- Theatrical release poster
- Directed by: Jing Ai Ng
- Written by: Jing Ai Ng
- Produced by: Jing Ai Ng; Liz Daering-Glass; Gabrielle Cordero; Damian Bao;
- Starring: Kelly Marie Tran; Andie Ju; Brandon Soo Hoo; Edmund Donovan; Eva De Dominici; T. R. Knight; Jack Falahee; Sonya Walger;
- Cinematography: Leo Purman
- Edited by: Briana Chmielewski
- Music by: Ian Chang; Marco Carrión;
- Production companies: Florida Man Films; Qilinverse;
- Distributed by: Utopia
- Release dates: March 9, 2025 (SXSW); May 15, 2026 (United States);
- Running time: 114 minutes
- Country: United States
- Languages: English; Spanish; Cantonese;
- Box office: $56,963

= Forge (film) =

2025 American comedy-drama film

Forge is a 2025 American comedy drama film, written, directed, and produced by Jing Ai Ng. It stars Kelly Marie Tran, Andie Ju, Brandon Soo Hoo, Edmund Donovan, Eva De Dominici, T. R. Knight, Jack Falahee and Sonya Walger.

It had its world premiere at the 2025 South by Southwest Film & TV Festival on March 9, 2025. It received positive reviews. Utopia acquired distribution rights and set a release date for the film of May 15, 2026.

==Premise==
Siblings Raymond and Coco Zhang run a forgery ring. Coerced by a disgraced millionaire, they create counterfeit masterpieces for their family's collection.
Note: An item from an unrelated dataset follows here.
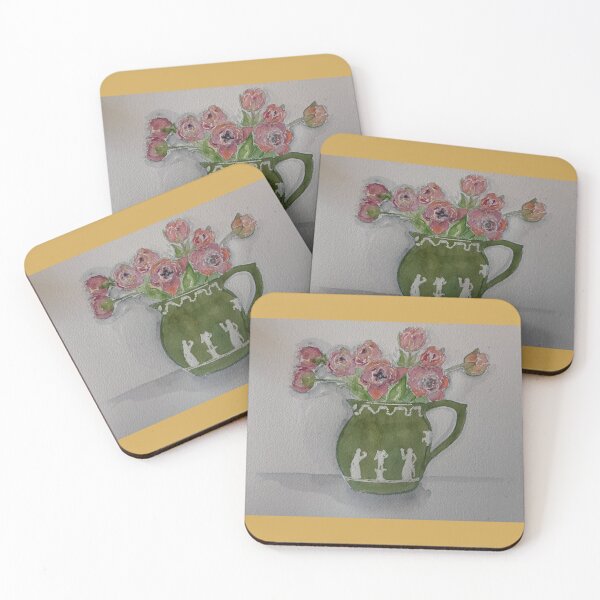 Item preview, Pink Tulip Green Vase designed and sold by WatercolorPain.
FBI agent Emily Lee investigates a new string of art forgeries.

==Cast==
- Kelly Marie Tran as Emily Lee
- Andie Ju as Coco Zhang
- Brandon Soo Hoo as Raymond Zhang
- Edmund Donovan as Holden Beaumont
- Eva De Dominici as Talia
- T. R. Knight as Sandy Baker
- Jack Falahee as Harrison
- Sonya Walger as Ann Lasalle

==Production==
The screenplay by Jing Ai Ng was previously selected for the 2021 Film Independent Screenwriting Lab. In May 2024, Kelly Marie Tran, Andie Ju, Brandon Soo Hoo, Edmund Donovan, Eva De Dominici, T. R. Knight, Jack Falahee and Sonya Walger joined the cast of the film, with Jing Ai Ng directing from a screenplay she wrote.

==Release==
It had its world premiere at the 2025 South by Southwest Film & TV Festival on March 9, 2025. It is scheduled to be released in the United States on May 15, 2026.

==Reception==
Stephen Saito of Variety found Forge to be an "energetic" debut of Jing Ai Ng that explores themes of identity and authenticity through the engaging story of two underdog siblings navigating the art world, despite some plot contrivances. Christian Zilko of IndieWire gave the film a B+ and viewed it as a refreshing and entertaining film that compellingly explores the complexities of ambition and identity through its passionate protagonist, Coco, who is dedicated to the art of forgery while navigating the contrasting desires of those around her.

On review aggregator website Rotten Tomatoes, the film holds an approval rating of 87% based on 15 reviews.